§ **EXERCISE AIM**
Starting at the line below that contains "Amazon.com : Grow" and ending at the line that contains "Motorrad Motorräder Biker", retype each line exactly as it stands, but omit the pictures.

---- RECORDS SHOWN

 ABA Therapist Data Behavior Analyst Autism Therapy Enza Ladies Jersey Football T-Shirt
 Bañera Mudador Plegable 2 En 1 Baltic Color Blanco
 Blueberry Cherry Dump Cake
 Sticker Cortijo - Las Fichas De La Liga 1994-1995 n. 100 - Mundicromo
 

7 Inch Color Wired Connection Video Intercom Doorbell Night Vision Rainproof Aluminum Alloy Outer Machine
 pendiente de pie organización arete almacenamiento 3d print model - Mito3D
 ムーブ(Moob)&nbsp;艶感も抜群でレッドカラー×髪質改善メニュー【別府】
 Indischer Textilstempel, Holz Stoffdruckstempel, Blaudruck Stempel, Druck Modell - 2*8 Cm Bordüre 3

--------
---- RECORDS SHOWN

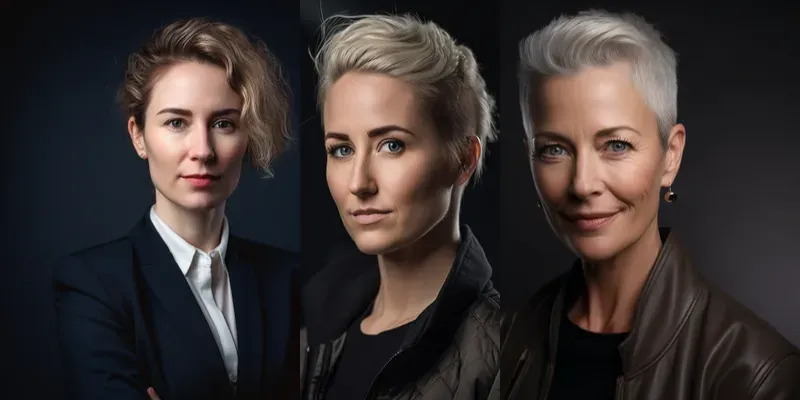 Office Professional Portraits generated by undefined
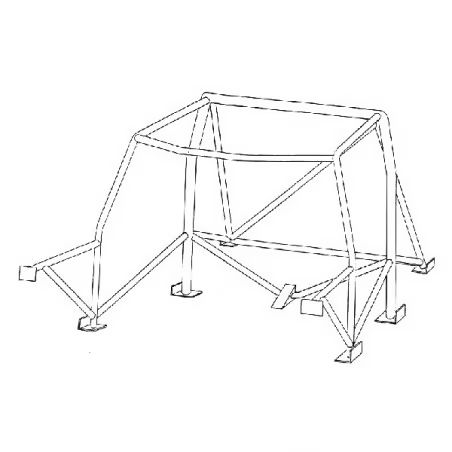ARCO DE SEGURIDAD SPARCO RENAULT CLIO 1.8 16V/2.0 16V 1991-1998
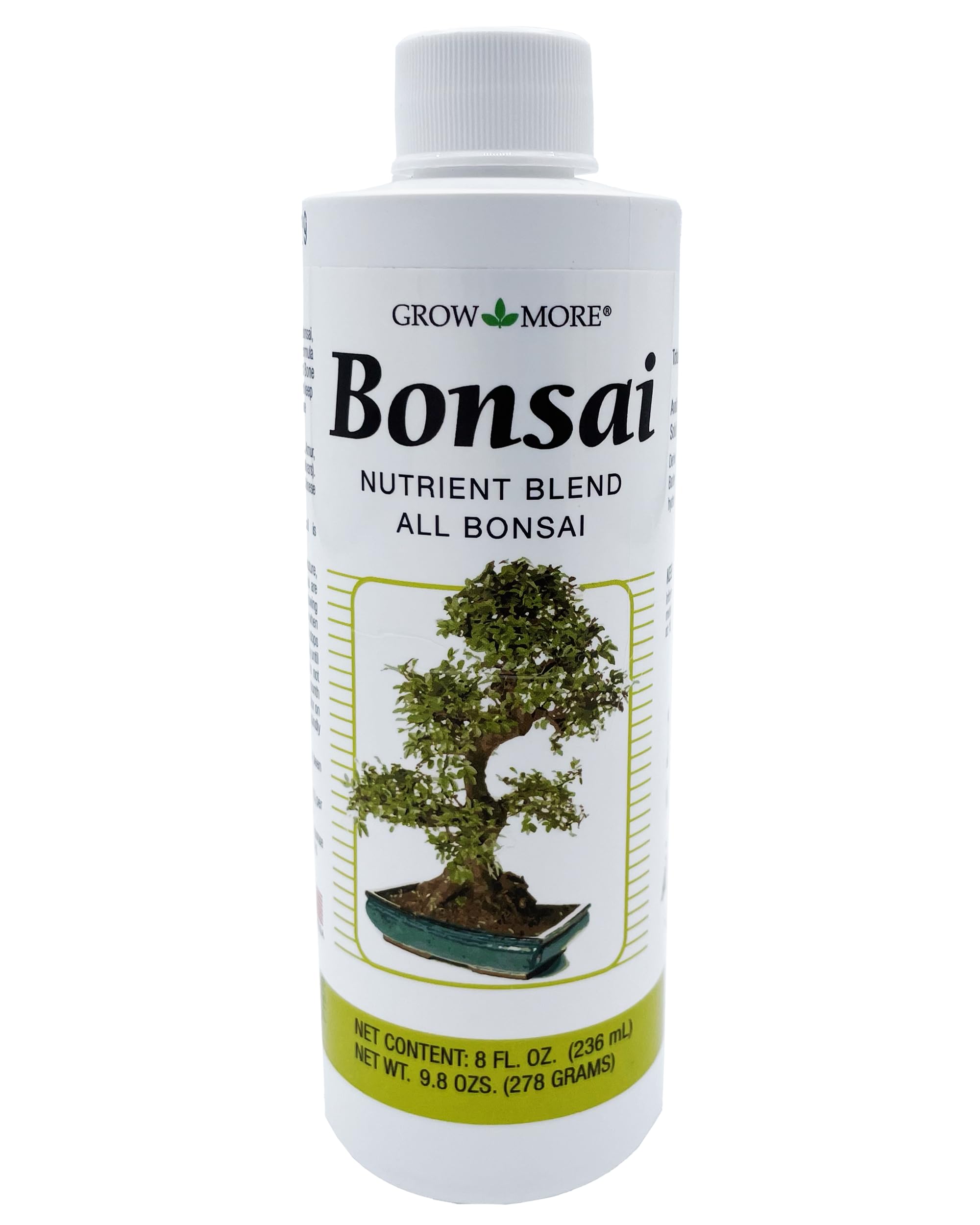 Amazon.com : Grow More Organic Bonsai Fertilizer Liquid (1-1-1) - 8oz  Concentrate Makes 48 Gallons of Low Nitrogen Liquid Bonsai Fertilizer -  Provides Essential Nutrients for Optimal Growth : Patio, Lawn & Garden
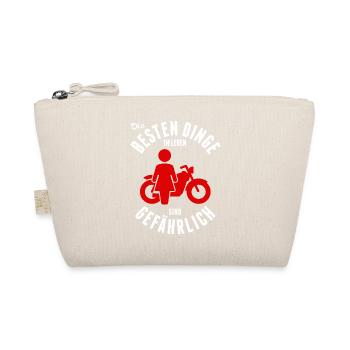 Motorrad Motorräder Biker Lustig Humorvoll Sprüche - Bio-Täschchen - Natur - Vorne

--------
---- RECORDS SHOWN

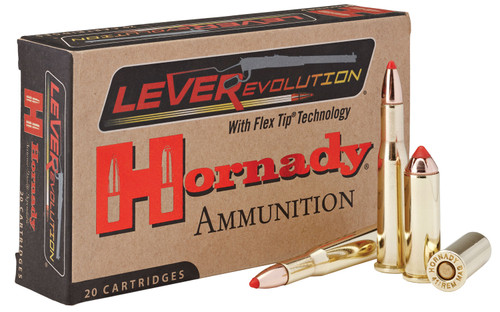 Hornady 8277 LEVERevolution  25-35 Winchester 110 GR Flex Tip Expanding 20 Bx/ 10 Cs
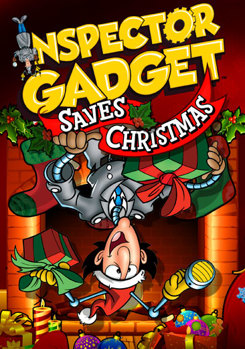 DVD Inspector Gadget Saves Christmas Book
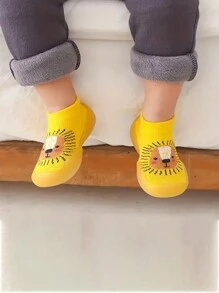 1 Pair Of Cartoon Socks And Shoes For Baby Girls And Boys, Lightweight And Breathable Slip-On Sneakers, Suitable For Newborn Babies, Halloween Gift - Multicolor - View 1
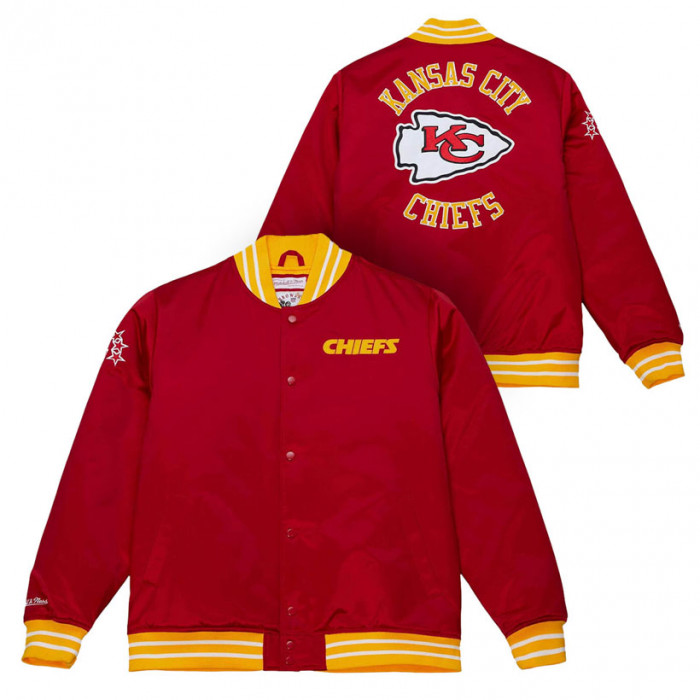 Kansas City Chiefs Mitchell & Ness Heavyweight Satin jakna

--------

§ **RESPONSE TO THE TASK**
 Amazon.com : Grow More Organic Bonsai Fertilizer Liquid (1-1-1) - 8oz  Concentrate Makes 48 Gallons of Low Nitrogen Liquid Bonsai Fertilizer -  Provides Essential Nutrients for Optimal Growth : Patio, Lawn & Garden
 Motorrad Motorräder Biker Lustig Humorvoll Sprüche - Bio-Täschchen - Natur - Vorne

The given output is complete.